Анна Оранская - Сладкая жизнь
Он замолчал, резко поворачиваясь к открывающейся двери, навстречу пышной блондинке в обтягивающем белом халатике, симпатичной такой, но простоватой.
— О, какие люди! — расплылся в улыбке. — Наташ, ты мертвого из могилы поднимешь. То-то я удивляюсь, что Геннадий так быстро оклемался. Вроде три дня в реанимации валялся, потом еще три дня под всякими капельницами — а сюда всего пять дней назад перевезли, а он за эти пять дней как новенький стал.

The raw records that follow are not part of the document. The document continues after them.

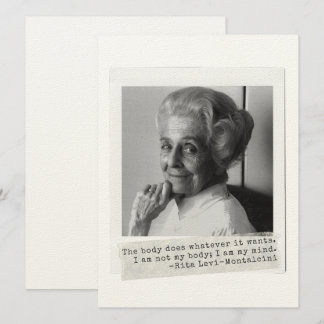 Rita Levi-Montalcini cita Mulheres na Ciência
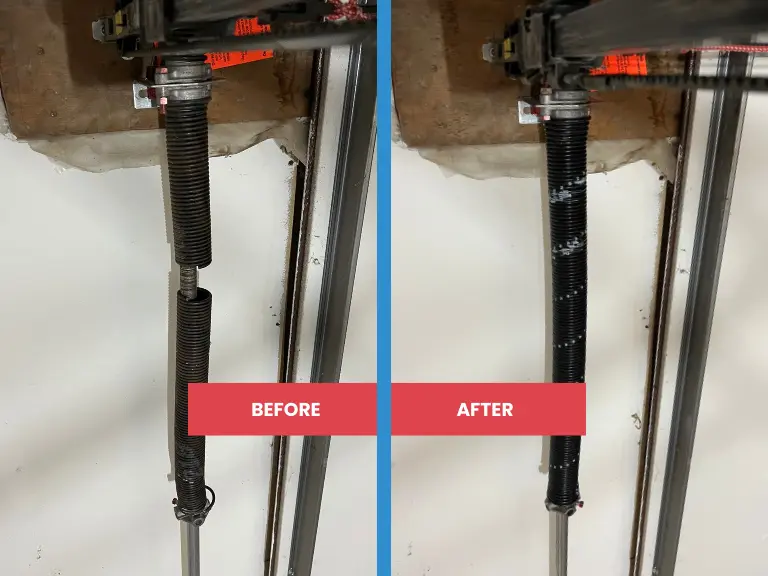 Garage door torsion spring replacement in Deer Park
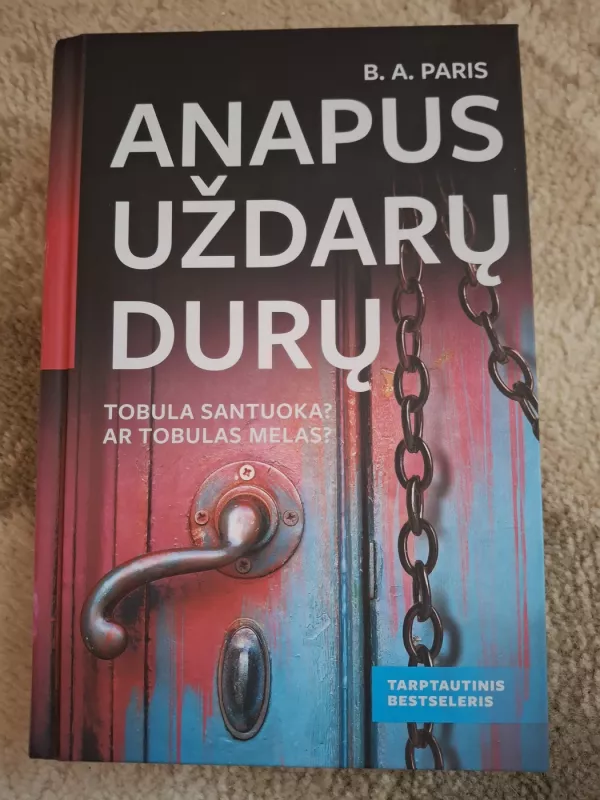 Anapus uždaru duru - B.A.Paris, knyga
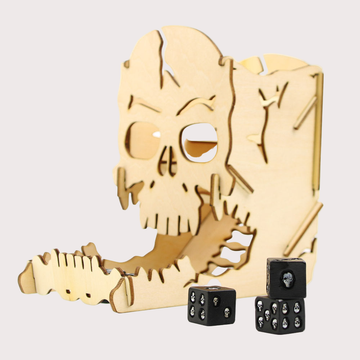 Halloween Skeleton Dice Tower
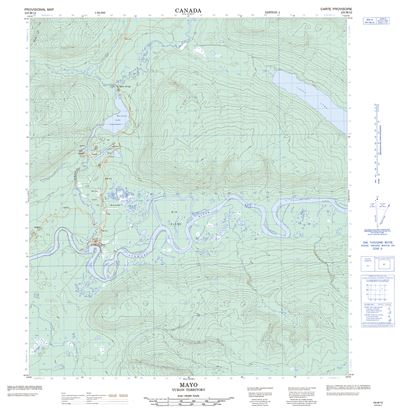 105M12 - MAYO - Topographic Map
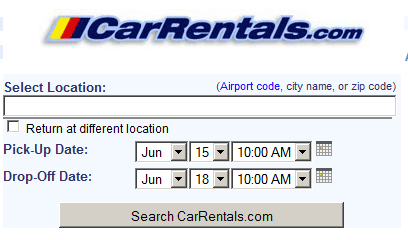 compararea tarifelor de închiriere auto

— Сплюньте, Андрей Юрьевич. — Девица стеснительно улыбнулась, хотя и видно было, что смущение ненатуральное.
Он оглядел ее внимательно, намеренно раздевающе.
— Да, Наташ, лучше лекарства для Геннадия не найти. Только не переусердствуй, ладно? И халатик подлиннее бы тебе — мистеру нагрузки противопоказаны, а ты вон входишь, а у него одеяло поднимается…

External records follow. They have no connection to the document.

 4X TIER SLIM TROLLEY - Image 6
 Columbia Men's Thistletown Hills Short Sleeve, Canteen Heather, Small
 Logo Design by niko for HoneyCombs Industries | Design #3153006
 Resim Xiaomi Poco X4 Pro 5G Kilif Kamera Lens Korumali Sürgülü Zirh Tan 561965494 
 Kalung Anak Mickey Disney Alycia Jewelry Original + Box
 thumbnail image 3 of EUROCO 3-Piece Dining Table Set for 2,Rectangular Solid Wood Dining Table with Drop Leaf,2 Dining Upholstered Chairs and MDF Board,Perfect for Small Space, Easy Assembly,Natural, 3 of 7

Он обернулся на Корейца, невозмутимого и непроницаемого, зная, что под этой маской кроется улыбка, и радуясь тому, что появление медсестры прервало разговор, который, возможно, дальше вести будет легче.
— А ты чего хотела-то, Наташ?
— Да я… Я узнать — может, что нужно? Попить или судно…

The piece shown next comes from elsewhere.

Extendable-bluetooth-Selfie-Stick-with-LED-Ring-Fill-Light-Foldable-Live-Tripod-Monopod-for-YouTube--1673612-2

Кореец молча кивнул, и Наташка повернулась к Андрею спиной, низко склоняясь к лежащему на кровати. Слишком низко, как показалось Андрею, сразу представившему, как открывается в вырезе халатика ее большая грудь, посмотревшему со значением на оттопырившийся зад. У Корейца встал сейчас небось, не помочиться, — бабник известный, пол-Москвы перетрахал, пока в Штаты не свалил.
Он улыбнулся своим мыслям, не отводя от пышного по-негритянски зада глаз, думая, что, может, неплохо было бы сейчас подойти к ней сзади, приподнять халатик, стащить одним движением то, что под ним, и нагнуть ее так, чтобы поудобней ей было ртом делать Генке массаж, пока сам он побудет сзади. Стремно, конечно, — разойдешься, она дернется еще, а Генка раненый. Но она была бы только «за», в этом сомнений не было, — и Генка, наверное, тоже.
Мысли почему-то показались очень приятными — может, потому, что несколько часов назад избежал ареста и сидел сейчас в этом уютном загородном доме, а не в КПЗ.
— Как я тебе медсестру нашел, Генка? — поинтересовался, проводив взглядом намеренно повиливающую задом Наталью. — Ничего, а?
— Ну, — кивнул Кореец, улыбнувшись наконец, впервые с начала разговора. — А с горшком этим… Ты меня когда сюда привез, на койку уложили, и она тут со своей уткой. Е…нуться можно — здоровый мужик, а тут х…йню эту подкладывают, как под инвалида. Ну, кивнул — давай действуй, — а она стоит и на меня смотрит. И переворачивать начинает на бок — пыхтит, толкает, как нажала на шов, я чуть не отключился. Лежу, отдыхаю — а эта сама к пижаме руки тянет. Покопалась там и достает, и держит его так, словно в рот брать собралась, и глаза блестят, как у тебя после кокса…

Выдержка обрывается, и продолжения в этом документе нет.